Music, magic and enough slapstick to keep you laughing all the way to Christmas can only mean one thing - the panto is back at Newcastle’s Theatre Royal.
This year it’s ten years on for comedy father and son duo Clive Webb and Danny Adams as they take to the stage for Snow White and the Seven Dwarfs - and it gets better every time.
It was clear from the start it was going to be a performance packed with the trademark special effects starting with a spectacular magic mirror and exploding car through flying sleighs to a giant dinosaur.
The dwarfs were the ingenious work of Mike Coltman whose creativity means the seven characters did everything from tap dancing to riding giant animals across the stage.
And as usual regular Chris Hayward, playing Rita the Cook, had a host of spectacular costumes from a stylish birthday cake to a Sunderland outfit which soon switched to one more appropriate for the home of the Toon Army.

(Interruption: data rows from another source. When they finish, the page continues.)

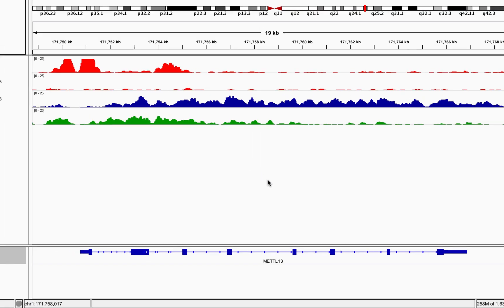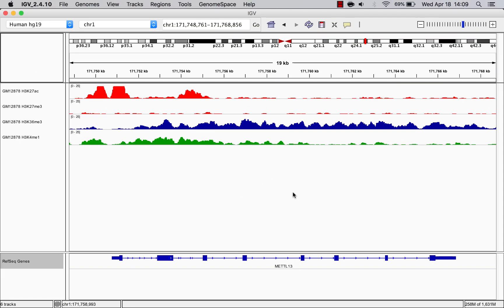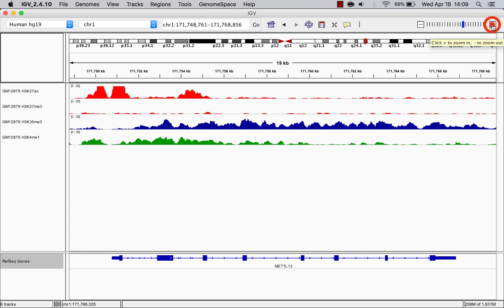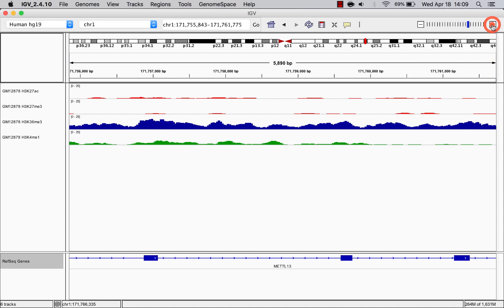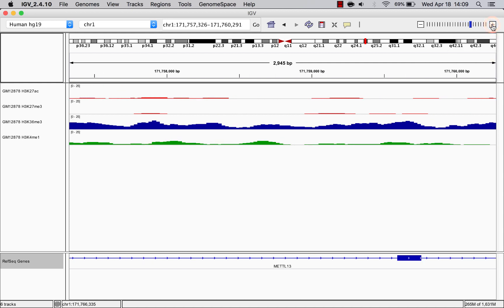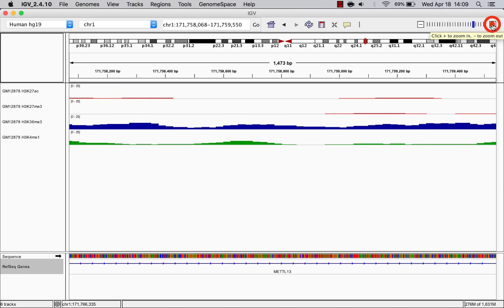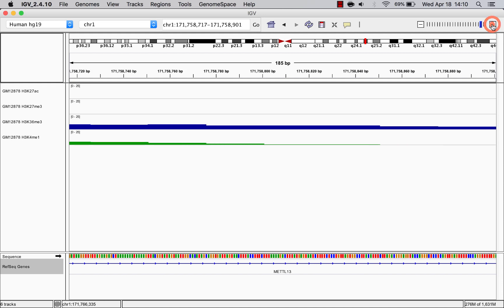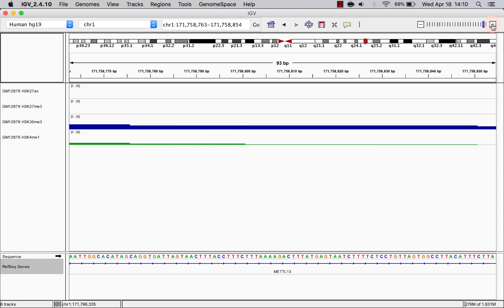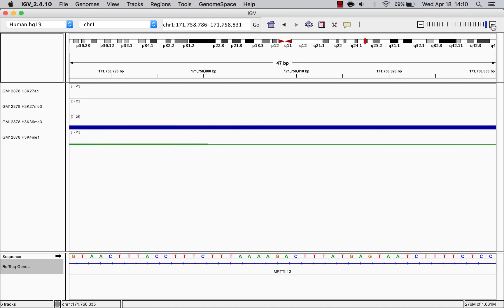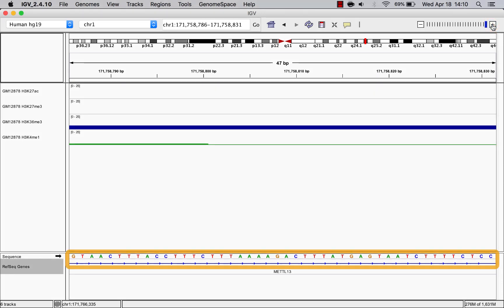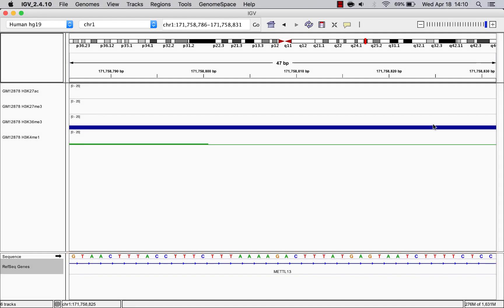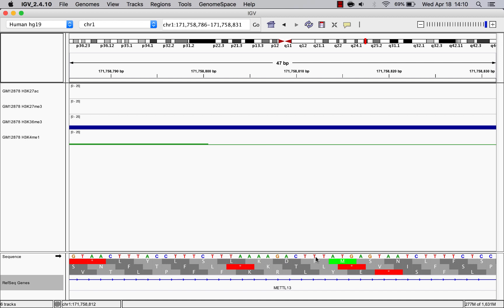If you continue zooming in, you'll eventually reach base pair resolution, where you can see the individual nucleotides. When you're here, the sequence track will show the reference nucleotides. Clicking anywhere on the reference nucleotides will either hide or show the 3-frame amino acid translation.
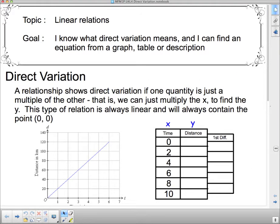Hello, 1P, and welcome to Linear Relations. We're going to carry on today with our topic of direct variation. Our goal is: I know what direct variation means, and I can find an equation from a graph, a table, or a description. So let's take a look at what we mean by direct variation.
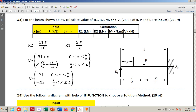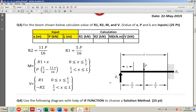This is an example from the 2018–19 spring final exam: a question with an IF function. In civil engineering, we have a beam and we want to find moment and shear. The table has R1, R2, M, and V as outputs to calculate. The inputs are x, P, and L — when we input those values, R1, R2, M, and V will be calculated.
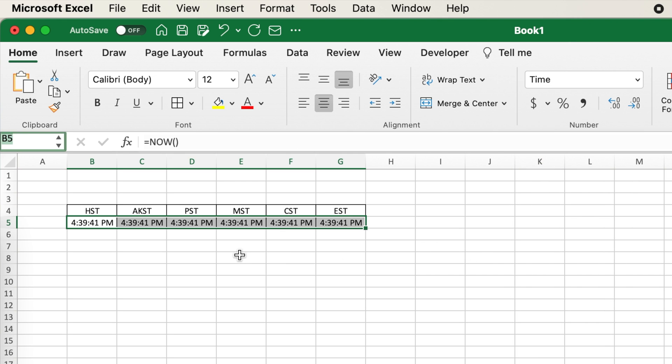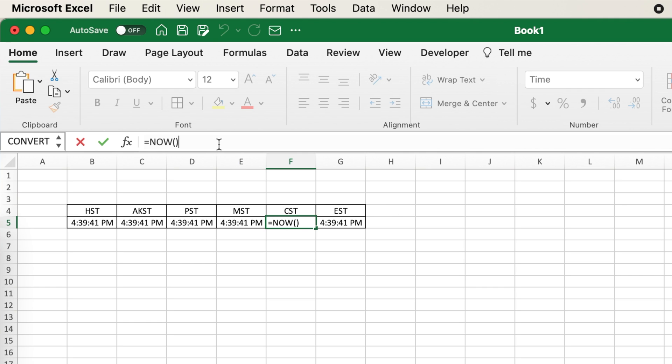CST and EST can be adjusted by adding 1 24th and 2 24ths, or 1 and 2 hours.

Panto villain Steve Arnott, who is usually dressed in male attire, made a brilliant evil Queen Lucretia who was determined to hang on to the throne at all costs while Michael Potts, Webb’s son and Adams’ brother, was superb as the Idiot.
But, as usual, the real stars of the show were Adams and Webb, playing Oddjob and Muddles, who held the audience in the palm of their hands from start to finish.
In their tenth show, and I've seen all of them, they were the backbone of the performance whether they were singing, performing magic or hurling foam around the stage - even over a particularly young member of the cast.
All in all it was two hours of pure fun making it a magical, memorable night for all, and hardly a surprise that it's the fastest selling show in the country.